Babel Rising Review

Babel Rising Review

Jan 4, 2012

Would you imagine that it’s possible to make a game about a God smiting humans as fast as possible without it being tasteless? Well, the team at Bulkypix took that challenge and have succeeded. Babel Rising is daring in concept, cute and hilarious in execution — pun intended.

In Babel Rising you play as a god, and the humans over which you rule have had enough. As in the biblical story of Babel, they decide to build a tower up to the heavens, to meet with you and ask what the deal is with life, the universe, and everything. But, you are a vengeful god and want none of that. So the goal of the game is to kill the humans before they can build their tower high enough to reach you in the sky. You have a variety of mystical powers at your disposal, all reminiscent of those events which we refer to as Acts of God. There is Lightning, Wind, Flood, a Rain of Fire, and Earthquakes. These all take varying amounts of time to load, you so must be strategic in your use of them. There is however also the Finger of God, which you can use to smite the humans one at a time. A simple tap and the little builder falls apart bloodlessly. Each of the other attacks have a specific gesture that commands it, and there is finally a bonus attack where you can destroy a level of the tower with one blast from the god’s eye. And again, you would assume that a game like this would verge into tasteless territory, but I’d have to say that your mileage on that will vary. The tiny humans are cute and merely look surprised when they fall apart or are swept away by a wave.

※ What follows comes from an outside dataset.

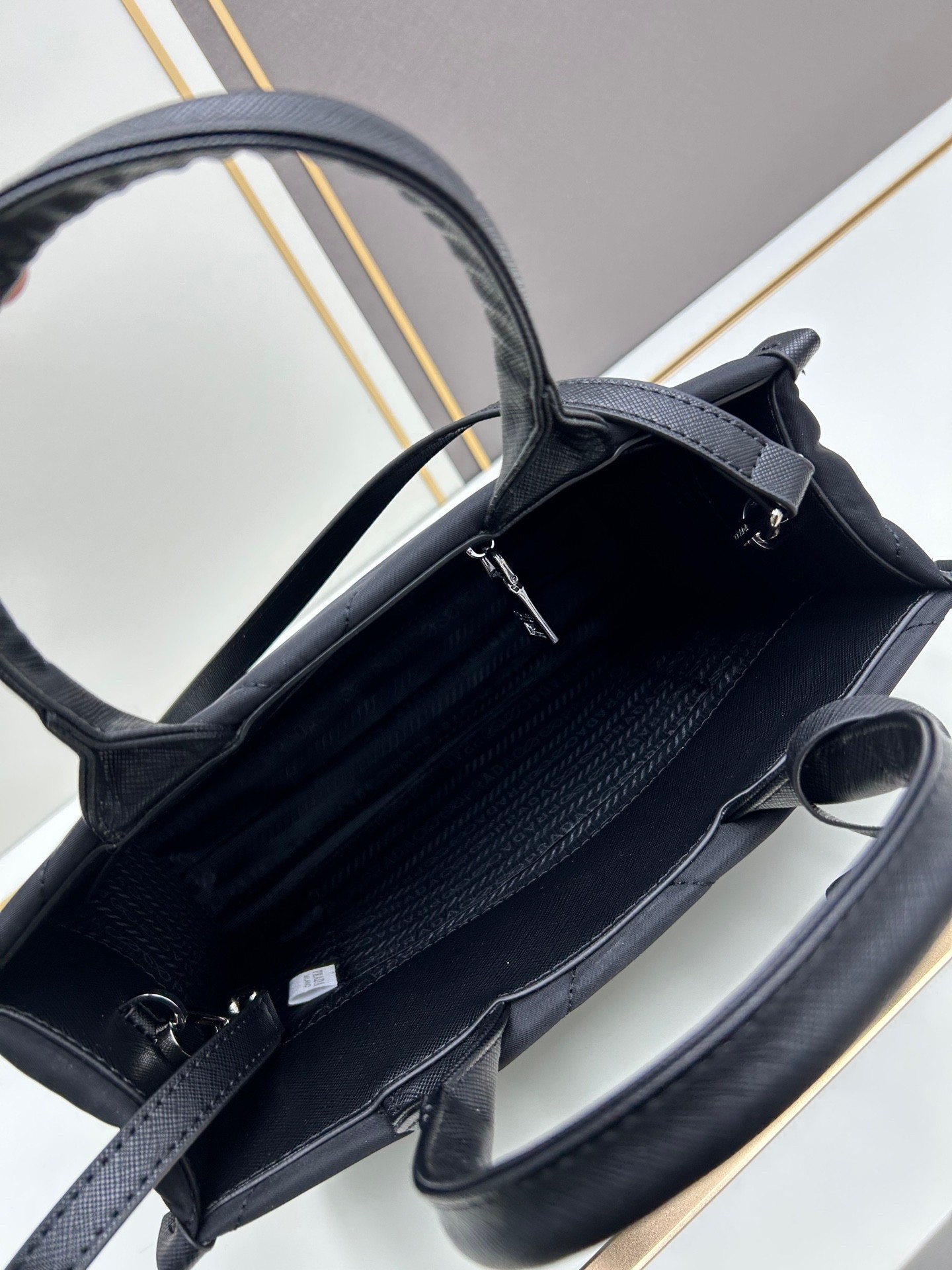 【PRADA旗艦店】(プラダ)  Prada Tote ハンドバッグ 29*22*6CM-BRAND OFF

The developers have also made sure that the game will not get old quickly. There are four modes of play, and each is different. Classic is the version I mentioned above. Divine is the same game, but now Lightning is your fastest power, and you have the new power of the Burning Bush (lighting it sets the nearest humans on fire). The next option is Fury, and this time the workers are immune from some attacks, depending on their type. They are actually meant to be damned souls trying to escape from Hell, which explains why they might be resistant to lightning. And the final mode is Campaign. Each stage sets you with a specific goal to complete before you can advance to the next. An example is a countdown clock during which you have to smite as many humans as you can. You can also earn coins which you use to increase the strength and range of your attacks.

The coolest thing about the game, in my opinion, is the simple fact that no matter what the humans will get to the top. The game will just fill the screen with builders until the point that you simply cannot stop them from building. You can become incredibly skilled at slowing them down with your weapon use, but no matter what, the humans will eventually reach the top. Rather than being discouraging, it is instead exciting as you see how long you can hold them off for.

The game is a little buggy at times. On a few occasions it has thrown so many little men at me that it can’t render its own handiwork and freezes. I’ve lost entire game files to that error; the men were all frozen in place and I was unable to kill them. I was forced to begin a new game to get around it. very frustrating. In fact, as I was playing the game while writing this review the game froze and even after I exited, the music continued to play. It was a bit eerie, hearing the little builders continuing their word behind the scenes.